At the same time, the list of peer-reviewed research fellowships that are eligible for the accelerated process for ‘Exceptional Promise’ was expanded to include fellowships awarded by the Research Councils UK, British Heart Foundation, Cancer Research UK and the Wellcome Trust, as well as the Academies.
There are some benefits to holding a Research and Innovation Talent Visa compared to holding a regular Tier 2 visa. Tier 1 visas are provided from a different pool from Tier 2 visas, and may offer an alternative route into the UK at times when Tier 2 visas reach their cap level. Tier 1 visas also offer greater flexibility, allowing recipients to change jobs and employers without reporting it to the Home Office, and to start a company without need of changing visa type. Similarly to Tier 2 visas, Research and Innovation Talent Visa holders can bring family members to the UK with them, but with the added benefit of being able to apply for Indefinite Leave to Remain after 3 years. Finally, holding a Talent visa is considered a marker of prestige in its own right.
To find out more details on Tier 1 visas, as well as the criteria for each of the designated competent bodies, please visit the UK Border Agency website. For further information about the Research and Innovation Talent Visa, please visit the Royal Society website.

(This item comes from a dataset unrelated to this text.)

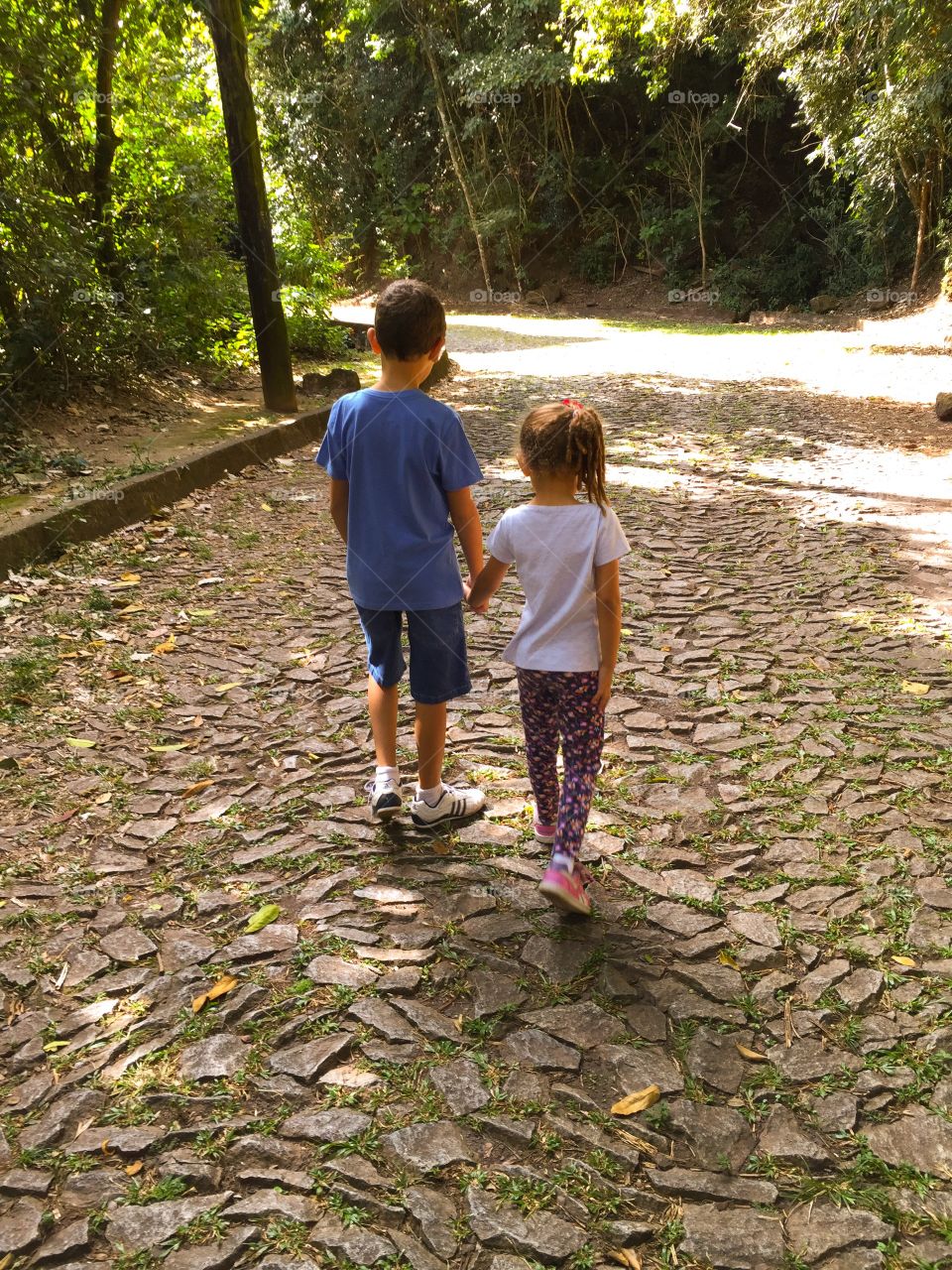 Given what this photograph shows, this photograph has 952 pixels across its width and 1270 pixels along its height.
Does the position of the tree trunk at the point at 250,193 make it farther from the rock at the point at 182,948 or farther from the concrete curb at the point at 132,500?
the rock at the point at 182,948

The Academy has been engaged with the Migration Advisory Committee’s reviews of Tier 2 visas. The Committee was commissioned by the Home Secretary to consult and report on various aspects of the current Tier 2 visa system, which represents the major route for non-EEA international researchers entering the UK research base.
The Academy submitted evidence to the Committee’s initial review focussed specifically on Tier 2 visa salary thresholds. Our submission urged the to Committee to ensure that any threshold changes were proportionate to the average salaries paid within biomedical research, particularly recognising the difference between clinical and non-clinical researchers. We stressed that any additional barriers to international appointments risked isolating the UK from the global talent pool, creating an adverse impact on our world-leading research institutions.

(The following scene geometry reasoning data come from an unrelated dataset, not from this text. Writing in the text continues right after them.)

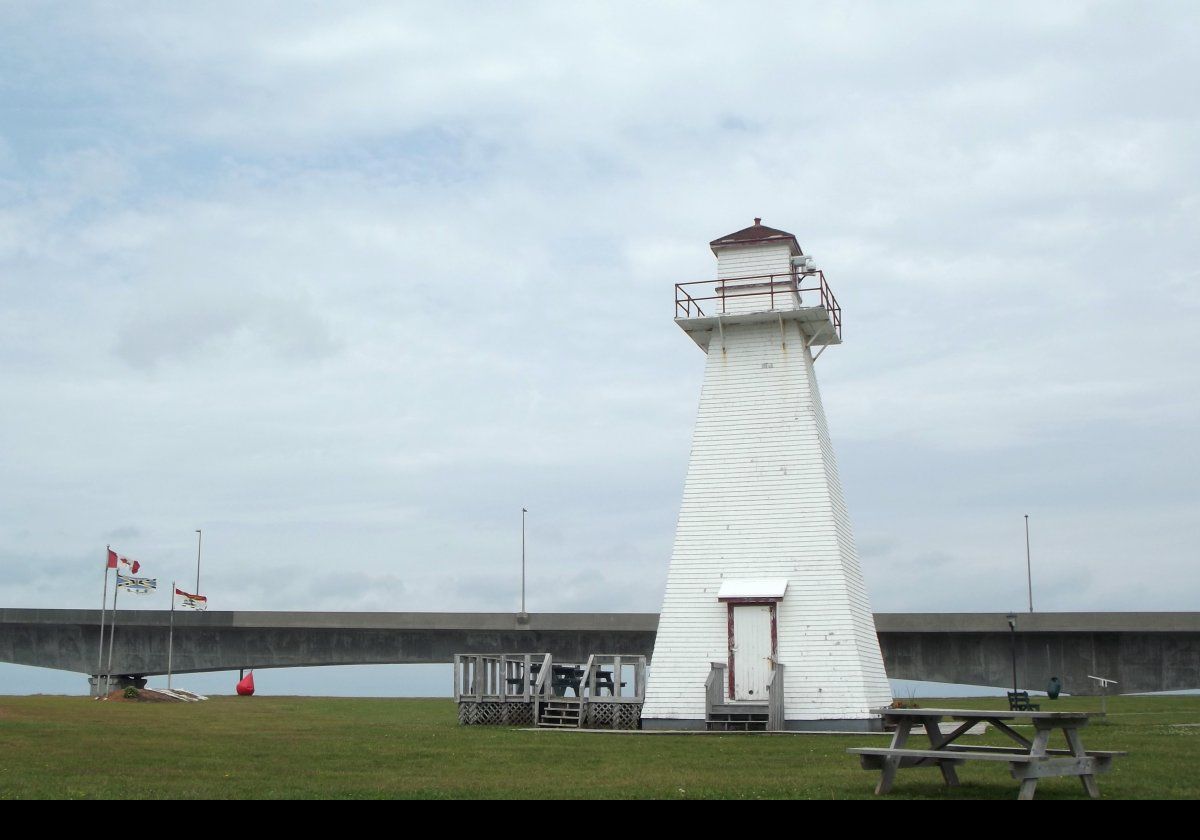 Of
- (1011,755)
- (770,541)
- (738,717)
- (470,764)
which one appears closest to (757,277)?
(770,541)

We have subsequently engaged with the Committee’s broader review, and made a joint submission with our sister Academies which emphasised the value of non-EU researchers to the UK, and the importance of maintaining the ability of UK institutions to recruit them. These messages were reinforced by a joint sector-wide statement to the Committee, signed by a broad range of Academies, Universities and research organisations, which highlighted the value of drawing on the international labour market alongside existing domestic capacity building, and the value of technical experts.
Following the publication of the Committee's report in January 2016, the Presidents of the National Academies jointly wrote to Jo Johnson, Minister for Universities and Science, and James Brokenshire, Minister for Immigration, to ask that the research sector be given special consideration if the government implements two of the MAC's recommendations in particular. These recommendations relate to the minimum salary thresholds for the Tier 2 route and the proposed introduction of an Immigration Skills Charge.
In 2019, the Presidents of the UK national Academies wrote to the Home Secretary outlining why a £30,000 salary threshold would be bad for research and innovation.